Bull City Press, Microfiction, Poetry No Comments

I looked over the final print galley of The Smallest Talk this evening. That book is so close to heading to the printer that I can hardly stand it. Good heavens.

I traded e-mails today with a poet whose work I enjoy immensely. He has a new book coming later this year, and some poems that I have been dying to read will be in it. I’ve heard one of the set, at a reading, and we’ve chatted about the others. Put up a pre-order page, Amazon, and I’ll pre-order this book. (Wait a sec, it’s up… but the cover listed ain’t the one the author sent me to look at.)

For my next trick, ladies and gentlemen, the illusionist said to the eight people in the back room of the bar, I present to you… the dead. His eyes and hands tensed on the spot in front of him, the air became a shroud. Slowly appeared before them all Chester A. Arthur. The crowd grimaced, moaned that they’d expected something a bit more dramatic. One asked who it was and another expressed disappointment that the spirit was just some fop with a Garibaldi mustache. Then one said, I’m quite sure that’s Chester A. Arthur, I recognize him from my childhood book of the thirty-eight presidents. All agreed it was, but who was Chester A. Arthur, really, they grumbled. Then whispers.
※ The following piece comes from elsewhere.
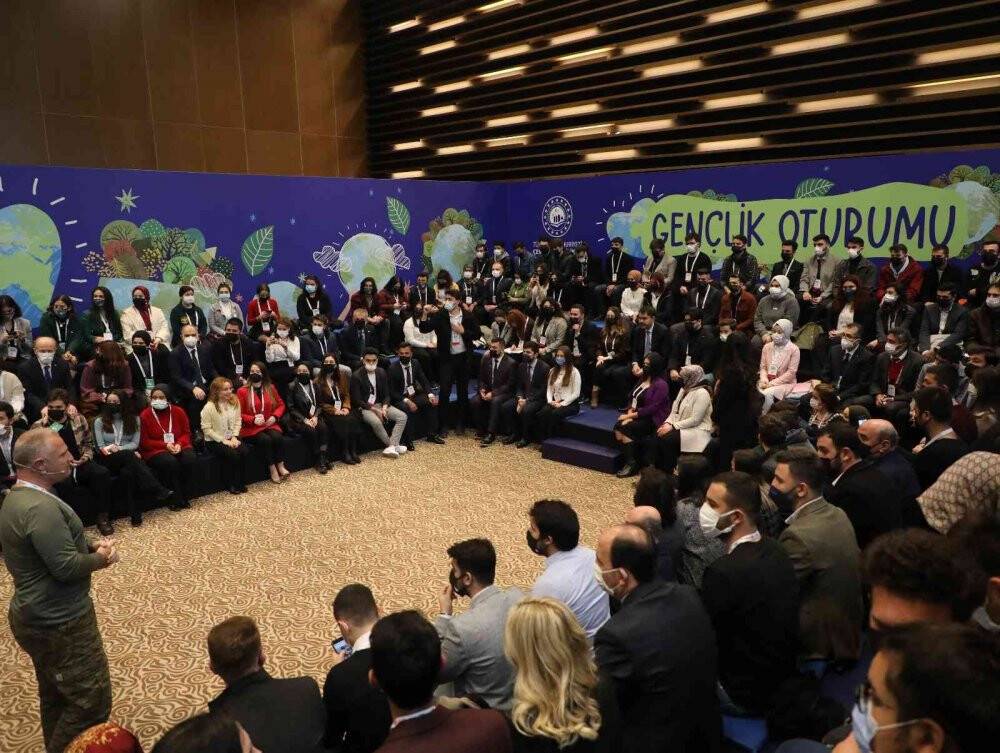 Bakan Kurum, 209 üniversitenin İklim Elçileri ile bir araya geldi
Couldn’t the illusionist have produced a president who might point a finger at his murderer, wag of some scandal? Arthur’s spirit– and it really was Arthur’s spirit, brought to focus nightly for reasons the illusionist could not understand– opened his mouth to speak, but was again mute, and would remain so until the illusionist could conjure a crowd ready to hear him. This was the third week the spirit had appeared, and still it hadn’t happened. We’re getting closer, the illusionist sighed to the spirit. At least this lot knew who you are.
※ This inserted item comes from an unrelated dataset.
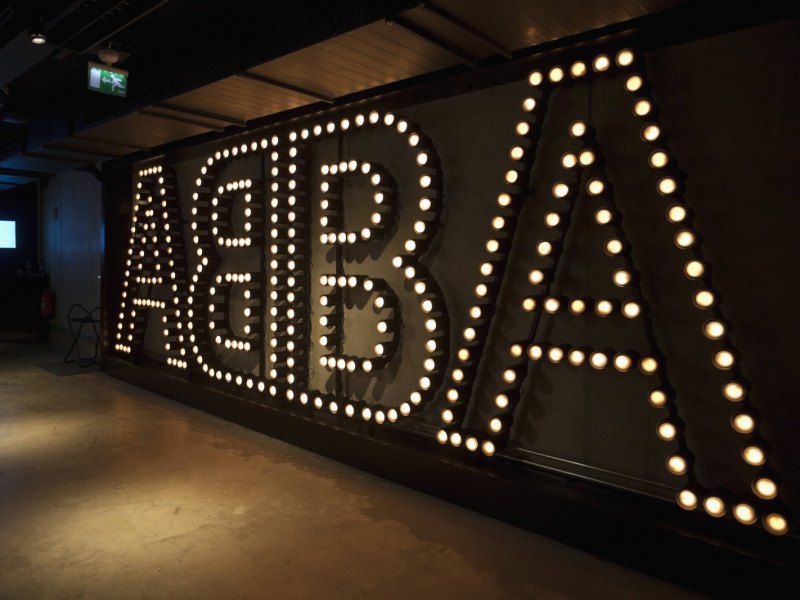 ABBA-Logo im Museum in Stockholm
Listening: lots of Sarah Harmer lately. Why isn’t Sarah Harmer famous like a mountain?

Any wonder we tried gin.

Microfiction No Comments

Understand, I didn’t set out to be the guy who writes the poems for movies: I, like you, wanted to be in the May New Yorker. But you’ll only ever hear my work when the studios need to crap out another picture about a sensitive poet. Can’t go on stealing from Auden forever, I suppose, but it’s quite a shame that when an audience should be feeling something, instead, they’re getting spoon-fed what wouldn’t have made it into my high school literary magazine. For the first few, I attempted, I really did, but learned better. Grief is a dwelling, a massive black house that every studio executive wants to live in. So that’ll be every first line: my grief is a house, or my grief is my childhood home, or my grief is a fucking skyscraper. They write themselves, yet I’ve steady work if Gwynneth Paltrow is co-producing another turd, and if not me, Dave Pelican, who paints for every movie that needs a gallery scene. Every time someone stands in front of the giant canvas in wonder, I hope you’ll consider Dave, hunched on a backlot, some twenty-five year-old knob director asking him to make it a little more colorful or a little more dour. We’ve spent more than a couple nights in the quiet L.A. bars, wondering why we don’t just trade, because I’m more than a little handy with a paintbrush, and he does a mean D.H. Lawrence impression. But we end up in our studio apartments, and he’s painting something suitably sullen and I’m making notes for the next project: grief is a mansion just big enough for Leonardo DiCaprio.